County announces changes to address landfill neighbors
March 18, 2011
NEW — 8 a.m. March 18, 2011
King County is considering changes to how officials communicate to residents about the Cedar Hills Regional Landfill near Issaquah.
Officials started meeting with landfill neighbors in the mid-1980s to offer updates about landfill activities, and to allow citizens a chance to provide feedback and ideas for improving operations.
The county Solid Waste Division is hosting a community meeting in Issaquah from 7-9 p.m. April 6 at the King County Library Service Center, 960 Newport Way N.W.

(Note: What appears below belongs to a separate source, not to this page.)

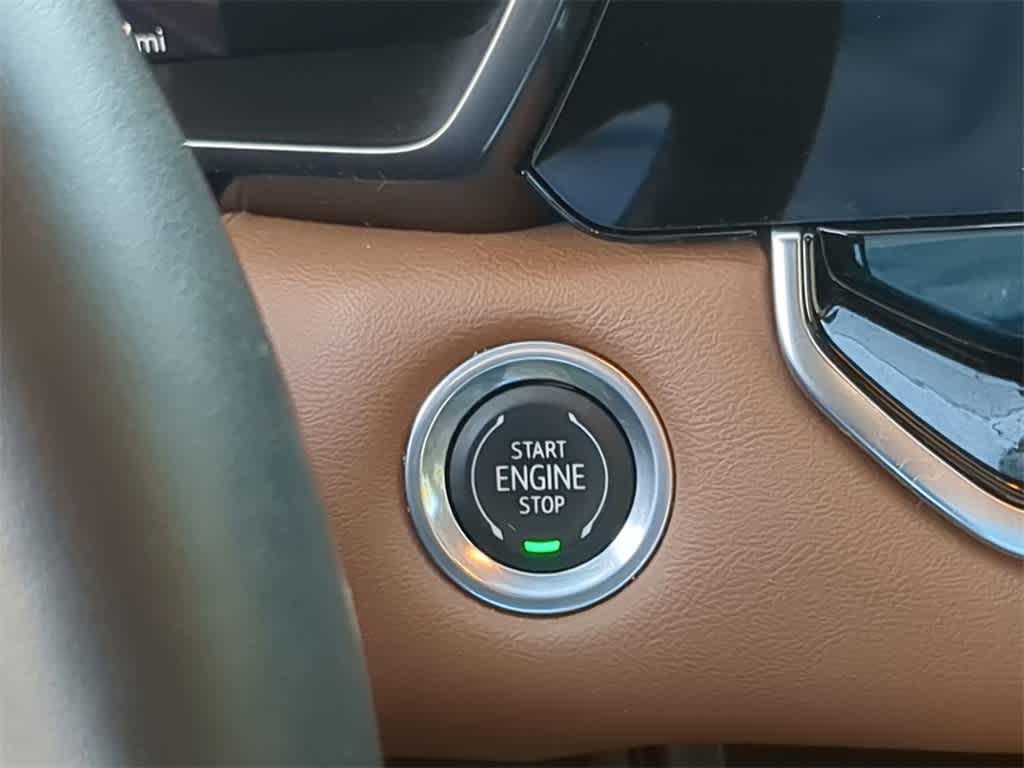 Thumbnail: 2023 GMC Canyon - 31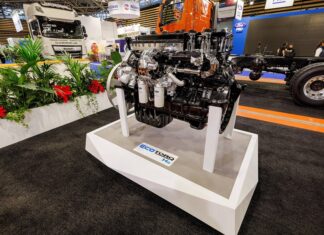 Ford Trucks, Tek Silindirliden Sonra Çok Silindirli Hidrojen Motorunun Ateşlemesini Gerçekleştirdi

Participants can hear updates about proposed changes to community meetings, updates about operational activities — including construction and environmental management activities at the landfill — and the Bio Energy Washington landfill gas-to-energy plant at the site.
The community meetings offer a forum for residents and Solid Waste Division to discuss conditions and problems at the landfill. The meetings occur at least twice per year.
The landfill encompasses 920 acres in unincorporated King County between Issaquah and Maple Valley.
Crews completed major construction on the Bio Energy Washington landfill gas-to-energy facility in March 2009 and the plant began operating last year. The facility is the largest landfill gas-to-energy plant in the nation.
Operators faced another hurdle related to noise from the landfill gas-to-energy facility. Residents in neighborhoods near the landfill reported hissing and droning sounds emanating from the plant. The parties heard from landfill neighbors about the noise at a November meeting in Issaquah.
Leaders announced a deal in February to sell emissions credits from the plant to earn money for the county.